2026-05-18

France led the world in vineyard removal between 2024 and 2025, cutting 4.4% of its planted area, or about 35,000 hectares, according to the annual report released Monday by the International Organisation of Vine and Wine. The decline was far steeper than the average among the 25 largest wine-producing countries, where vineyard area fell 0.8%, and it came as global wine production, consumption and trade all moved lower.
The French reduction stands out because the country remains one of the biggest players in wine on nearly every measure. France ranks second in vineyard area, behind Spain and ahead of China; second in production volume, behind Italy and ahead of Spain; second in domestic consumption, behind the United States and ahead of Italy; and first in export value, ahead of Italy and Spain, according to the OIV report published May 12.

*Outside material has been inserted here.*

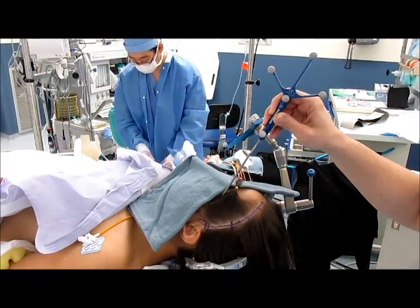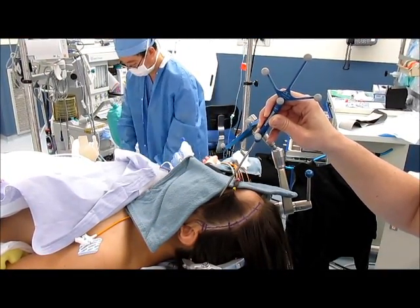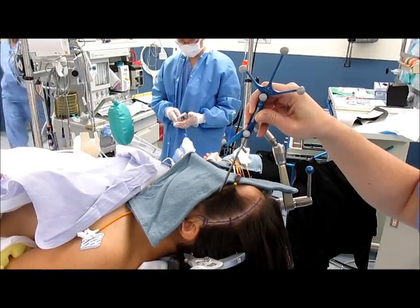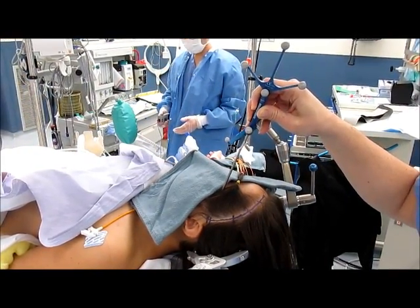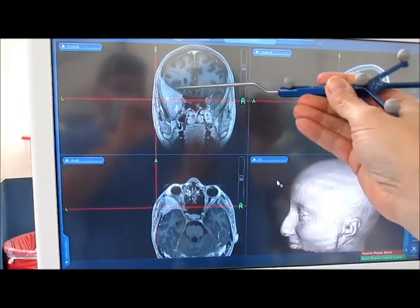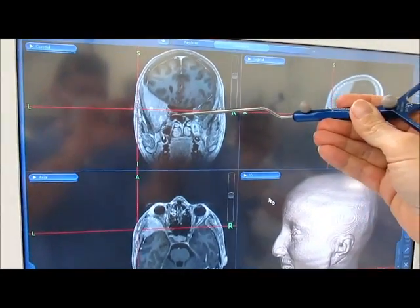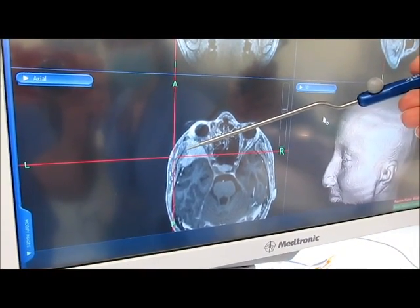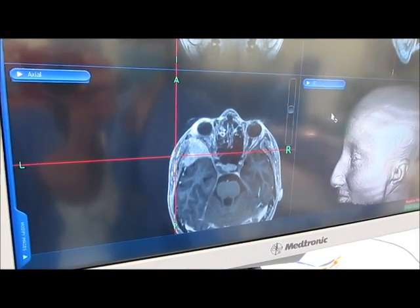Additionally, it's nice to use stealth for left sphenoid wing lesions in order to plan not only the proper incision, but to plan where to biopsy. If you look on the screen over here to the left, you can see that this is the area of bony involvement of the sphenoid wing. Using the stealth to localize where you should actually make your biopsy helps to plan your incision and the biopsy area appropriately.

The latest figures suggest that France’s vineyard contraction is not a one-year anomaly. The country had already lost 7.4% of its vineyard area since 2020, while Chile was the only country to shed more land over that period, at 25.6%. In 2025 alone, Chile’s vineyard area fell 3.7%, to 154,000 hectares, and Hungary’s dropped 3.4%, to 58,000 hectares. Italy lost 1.3% and Spain 0.3%.
The OIV said the global vineyard area declined for a sixth straight year in 2025, slipping to 7 million hectares. John Barker, the organization’s director general, said in a statement that the wine sector has had to adjust in recent years to persistent climate, economic and social challenges. He added that trade disruptions linked to tariff policies created another external shock in 2025 for producers, exporters and supply-chain operators.

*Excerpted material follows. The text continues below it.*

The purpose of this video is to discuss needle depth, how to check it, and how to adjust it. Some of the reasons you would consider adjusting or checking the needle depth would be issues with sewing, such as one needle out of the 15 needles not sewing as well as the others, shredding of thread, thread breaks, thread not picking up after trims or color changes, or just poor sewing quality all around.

Those pressures were reflected in trade data. Global wine exports fell to 94.8 million hectoliters in 2025, down 4.7% from the previous year, while export value dropped to €33.8 billion, down 6.7%. Imports of wine into the United States fell to €5.5 billion, a decline of 11.6% from 2024.

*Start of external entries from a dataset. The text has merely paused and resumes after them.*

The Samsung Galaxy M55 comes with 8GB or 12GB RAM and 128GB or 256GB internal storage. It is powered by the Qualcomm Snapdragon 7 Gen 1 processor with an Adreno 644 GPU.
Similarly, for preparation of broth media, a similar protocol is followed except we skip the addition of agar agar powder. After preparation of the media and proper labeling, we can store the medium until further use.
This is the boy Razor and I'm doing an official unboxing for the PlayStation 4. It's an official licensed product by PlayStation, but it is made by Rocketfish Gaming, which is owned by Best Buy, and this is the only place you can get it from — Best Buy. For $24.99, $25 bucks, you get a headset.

Consumption also weakened. Worldwide wine consumption fell to 208 million hectoliters in 2025, down 2.7% from 2024, as mature markets continued to change and consumers faced tighter budgets. Production rose slightly to 227 million hectoliters, up 0.6% year over year.
The OIV said that a third consecutive year of relatively low global production has kept output and consumption broadly aligned, limiting the effect of weaker demand on stock levels.